Monday, 10 October 2011

Peregrines at the Tate Modern and Other Bird Life

The birds on this blog page are one of the offered templates. I'm too lazy to customize, and I like the birds anyway. Birds are a big part of our life: with feeders in the backyard we have all the garden birds of England: great tits, blue tits, coal tits, robins, wren (occasionally), greenfinches, bullfinches, goldfinches, dunnocks, blackbirds, ring-necked doves, song thrush (rarely these days), sometimes a fly-through of long-tailed tits, and jackdaws and woodpigeons. The last two are unwelcome guests as they hoover through the feed too fast. But I don't mind fattening up the woodpigeons – we might have to make a meal of them some day the way the economy is going.

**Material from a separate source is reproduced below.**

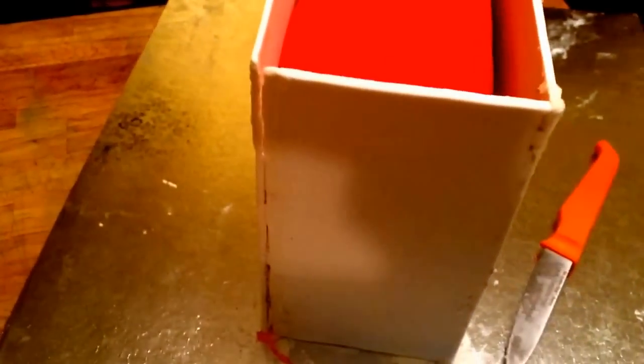Hey guys, this is the Cake Boss from Chester and this is the beginning part of my shopping bag. Let me tell you what I've done. This is made out of gum paste. I made four different pieces, let them dry on styrofoam, and then I had to use edible glue to glue the pieces together, and I used some buttercream.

The birds seem to like it when we come to the table to eat. Perhaps they can see us through the patio door windows, but our presence must be reassuring because when we eat, the birds come in to eat, too. Maybe they think we keep away the neighborhood cats, who have at times been found to be lurking in the nearby bushes.

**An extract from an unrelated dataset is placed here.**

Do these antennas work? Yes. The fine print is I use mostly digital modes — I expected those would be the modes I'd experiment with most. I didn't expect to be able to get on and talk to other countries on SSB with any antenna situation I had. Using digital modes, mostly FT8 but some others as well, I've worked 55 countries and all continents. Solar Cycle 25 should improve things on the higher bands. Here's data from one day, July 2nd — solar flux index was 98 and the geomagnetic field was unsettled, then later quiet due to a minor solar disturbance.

A recent trip to the Tate Modern was to see the peregrines that often roost on the tower. The RSPB* had set up a viewing stand with two tripod binoculars. The peregrines are one of several pairs now nesting around London and like high ledges on which to roost. The day we saw the peregrine, it looked like a feathery humpty dumpty – just a half-oval shape plunked on the ledge. Not the regal hunting bird I was expecting. Still, it was nice to spot it.

A friend with a very black eye thought he looked like a peregrine with its black face mask. Do you think so, too?